LAQUEY, Mo. (Oct. 30, 2010) — Republican congressional candidate Vicky Hartzler earned her reputation as a Christian conservative during a successful statewide campaign in 2004 in which voters decided by a 71 percent margin to amend the state constitution to bar gay marriage. She’s been blasted by the national liberal magazine Mother Jones which asked the question: “Is Vicky Hartzler the Most Anti-Gay Candidate in America?” (article located here), and conservative Christian themes were brought up several times during her Saturday morning veterans rally at VFW Post 3168 next to the Laquey ambulance base.
Hartzler attacked incumbent Congressman Ike Skelton for his role as chairman of the House Armed Services Committee in which he allowed a hate crimes bill to be attacked to the federal defense authorization, and then using foul language to criticize U.S. Rep. Todd Akin, a fellow congressman from Missouri with whom Hartzler served in the Missouri legislature.
“It’s an important bill; a sacred bill in my mind,” Hartzler said. “(Speaker of the House) Nancy Pelosi comes to him and says, ‘Hey, would you stick on the spending bill for the troops my number one agenda item for San Francisco?’ … using the military to pass a radical piece of social legislation is wrong.”
Akin tried to get Skelton to strip the hate-crimes legislation out of the bill but failed.
“He got up on the House floor and made a speech repudiating that,” Hartzler said. “(FOX News said) Congressman Ike Skelton has just gotten caught on an open mike today … so we turned on the TV, and unfortunately had the opportunity to see our congressman, our representative, stand at the microphone, give a little speech repudiating Congressman Akin’s plea to send it back to committee and then he turns to him and … said ‘Take that and shove it up your ___.’”

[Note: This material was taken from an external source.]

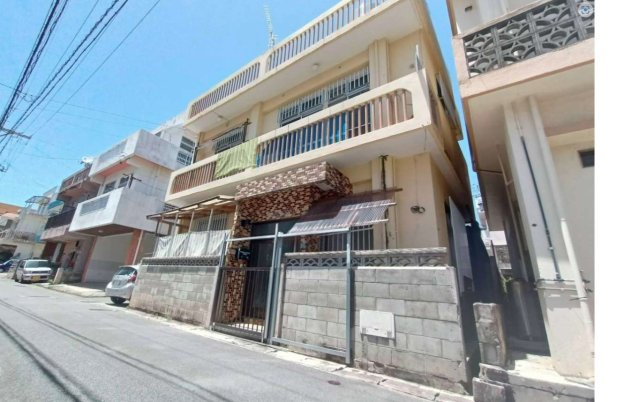 那覇市寄宮1丁目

Hartzler said she was “shocked,” “disappointed” and “embarrassed” by those comments.
Area resident Neil Lewis interjected even stronger words.
“He’s just showing his colors; it’s hard to say, but it’s true,” Lewis said.
“It reinforced in my mind it’s time for him to go,” Hartzler said. “I have been disappointed in him. He hasn’t run on his accomplishments. Well, partly because he didn’t have much to talk about. What is he going to talk about? Jobs? His vote for cap-and-tax? His vote for Nancy Pelosi?”
Responding to questions on other social issues such as retaining the current “Don’t Ask, Don’t Tell” ban on open homosexuals serving in the military and possible federal constitutional amendments addressing gay marriage and abortion, Hartzler said she doesn’t want to see homosexuals in the military and would like to see both abortion and gay marriage barred by the constitution.
“I think (gays in the military) would be detrimental to our national defense; I think it would hurt recruitment, retention and morale, and I don’t think the military should be used for a social experiment,” Hartzler said. “It’s not a right to get to serve in the military … we’ve got rogue judges now and of course we have an administration and others that want to repeal that.”
Hartzler said there’s no reason Skelton couldn’t have used his position as chairman of the House Armed Services Committee to more forcefully fight against pro-gay issues.
“Once again, I’m disappointed in Ike not leading. He could have led on that issue; he didn’t even have a vote in his committee. We find out now that if there’d been a vote, that he would have had enough votes to kill it,” Hartzler said. “Once again when Nancy Pelosi comes to him he says, ‘Well, I don’t like it,’ but that’s all he did. It just whipped through. He gave it to a subcommittee that’s very friendly to it and it went through.”
Hartzler said barring gay marriage isn’t discrimination but rather “wise public policy.”
“It’s worked for 5,000 years, I don’t think we should need to change it,” Hartzler said.
While most of Hartzler’s criticism focused on Skelton and Pelosi, she also criticized Obama.
“They don’t understand that we believe that yes, we are a Christian nation and we shouldn’t go around the world apologizing like our president does,” Hartzler said.
Hartzler said in 2004 when she was spearheading the Missouri efforts to ban gay marriage, she met with advocates of similar amendments in other states and at the federal level. Efforts to amend the federal constitution were made at the time but failed, even with a sizeable Republican majority in Congress.
“To pass a constitutional amendment is not easy to do and the founders were probably wise to make it that way,” Hartzler said. “You have to have a large percentage of votes in the congress and it has to be ratified by the states. It is not easy to do, but it’s worth doing on certain things.”
The required majority is two-thirds of both houses of Congress, plus ratifications by three-fourths of the state legislatures.